1950年代から93年1月まで営業していた秩父革進舘の跡地には現在、「関根接骨院・革進舘」が立っている。同院創業者で、映画館時代の最後の館長だった関根正幸さん(75)は「父(正作さん)から受け継いだ映画館をできるだけ長く続けたかったが、どうしても採算が取れなかった」と当時を振り返る。
同映画館はコンクリート造り3階建てで、1~2階が計360席のホールだった。「現在の映画館はスクリーンがいくつもあり、一度に多くの作品を上映できるが、当時は一つの映画館で1作品が当たり前だった」と関根さんは説明する。革進舘では主に洋画作品を上映。60年代に一世を風靡(ふうび)した映画「ロミオとジュリエット」には、中高生などの若者が連日押し寄せたという。
「テレビなどの娯楽が増えたせいか、70年代に入ると映画人口が激減し、秩父の映画館が次々と消えていった」。熱狂的な映画ファンでもある関根さんは、試行錯誤で映画館経営を続けたが、60年代のにぎわいは取り戻すことができなかった。「周りの映画館が次々と閉館しても、利用客がうちに流れてくることはなかった。それだけ、映画ファンの減少は激しかった」。
映画館を畳んでも、映画好きは変わらない。関根さんは現在も、妻の和子さんと一緒に熊谷市や上里町の映画館に足しげく通っている。和子さんは「近場に映画館ができてうれしい。少子化が進み、厳しい状況は当時と変わらないかもしれないが、優れた運営力で秩父の映画館を守っていってほしい」と期待する。

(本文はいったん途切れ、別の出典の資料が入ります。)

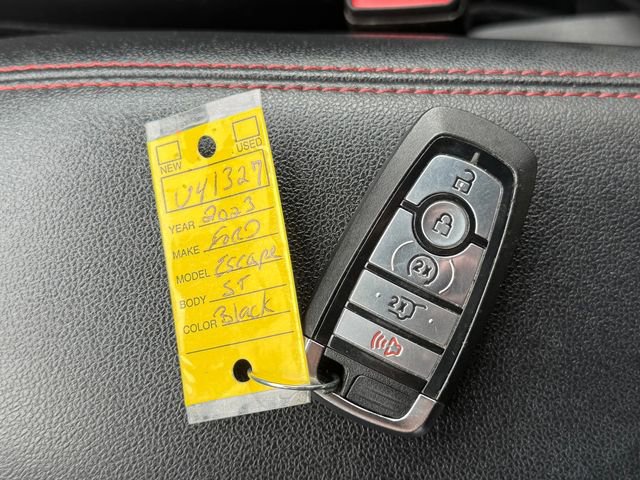 Certified 2023 Ford Escape ST-Line image 14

同市の主婦清水ひで子さん(74)は、10代の時に革進舘や秩父東映昭和館(同市番場町、80年ごろ閉館)によく通っていたという。「ビートルズのドキュメンタリー映画は今でも印象に残っている。結婚して子どもができると、レンタルビデオを利用するようになり、映画館に行く機会はなくなっていった」
清水さんが、最後に映画館に行ったのは30年ほど前。「最近の映画事情は全く分からないが、これを機会に、また映画観賞を趣味にしたい。子どもや若者向け映画のほかに、年配者も楽しめる作品を上映してほしい」と話していた。